FIGURE 2:

Microinjection of a polymerase-deficient mutant XMAP215 decreases spindle length in early X.laevis embryos. (a) Images show representative spindles in blastomeres isolated from embryos at the indicated stages. The two top rows show spindles in blastomeres from control (mock-injected) embryos, whereas the two bottom rows show spindles from blastomeres isolated from embryos injected with 60 nM mutXMAP215. Spindle MTs and DNA were labeled as in Figure 1. Scale bar = 50 µm (images in first and third rows). Scale bar = 30 µm (higher-magnification spindle images in second and fourth rows). Spindle length was again measured as the aster center–to–aster center distance (centers are marked with white asterisks).

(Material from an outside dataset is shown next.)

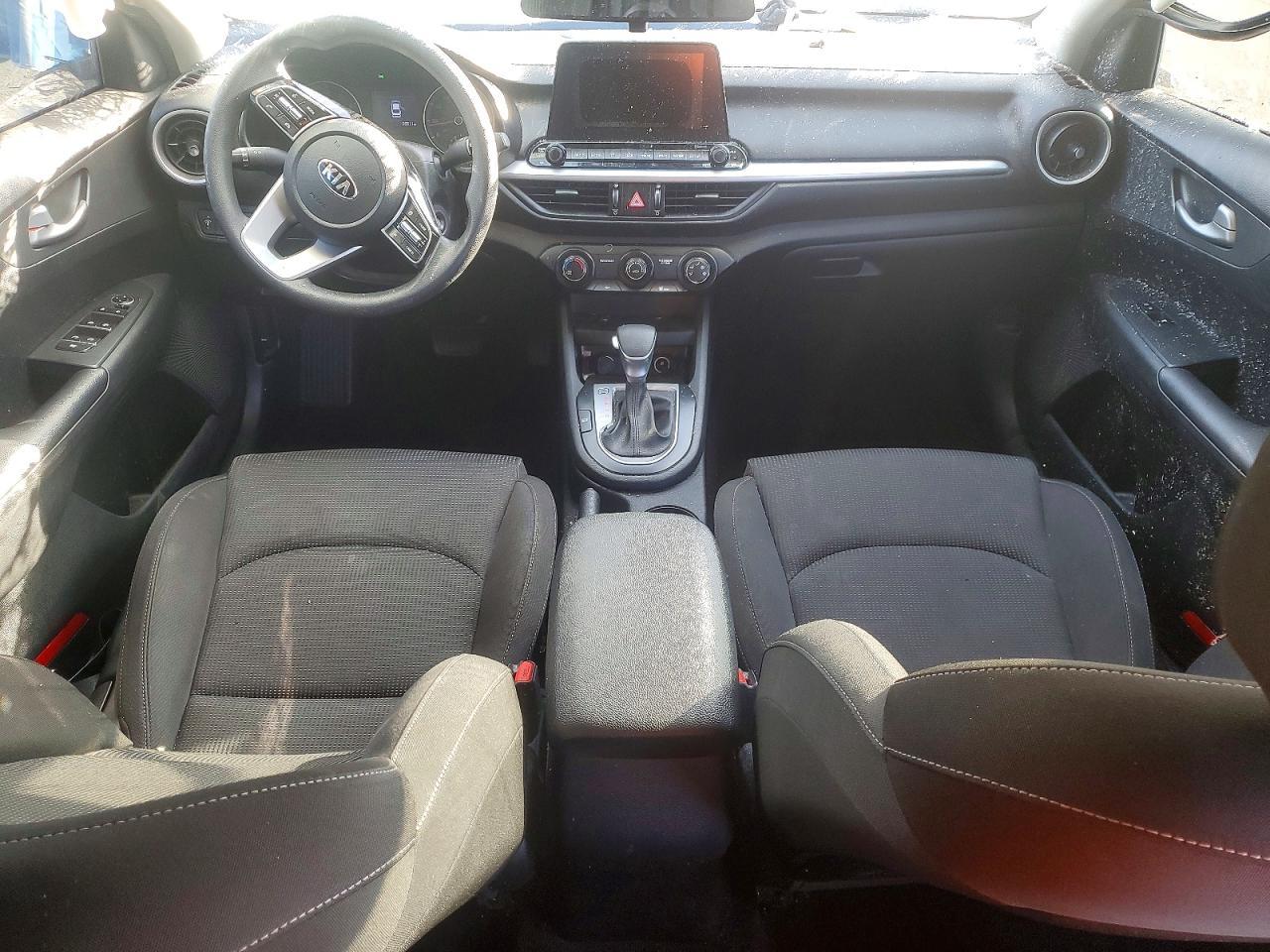 2020 KIA FORTE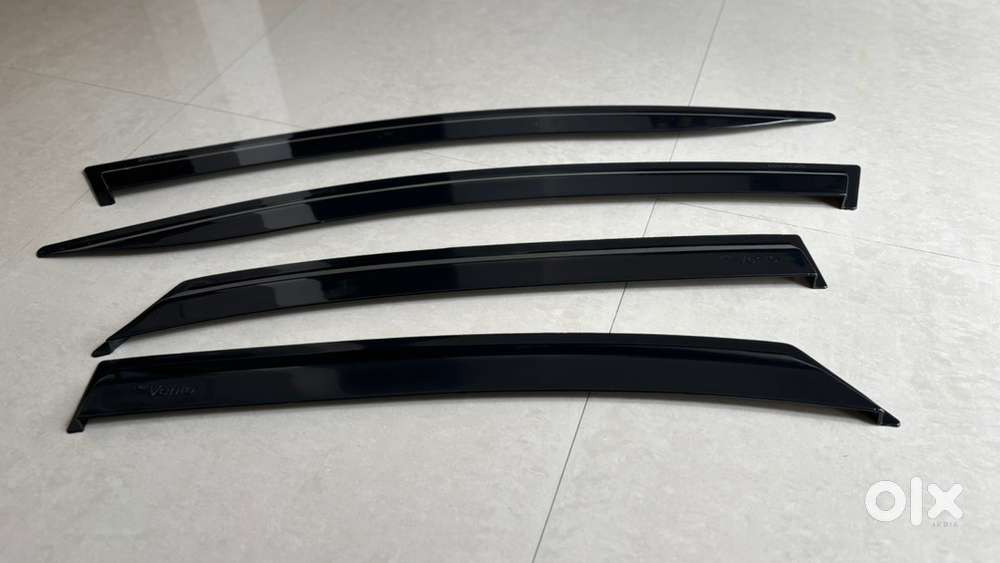 Door visor, rain visor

Cell boundaries, indicated by dashed outlines shown in lower-magnification spindle images, were manually traced and used to determine cell cross-sectional area for scaling plots. (b) Spindle length measurements are shown plotted as a function of blastomere cross-sectional area in mock-injected embryos (top plot) and in embryos injected with 60 nM mutXMAP215 (bottom plot). Data point colors correspond to stage-specific text colors shown above images in panel a. (c) Data from both graphs in b were plotted in a single graph and show a general downward shift in spindle length with the injection of 60 nM mutXMAP215. Dashed horizontal lines indicate the putative upper limit to spindle size in X. laevis embryos (Wuhr et al., 2008).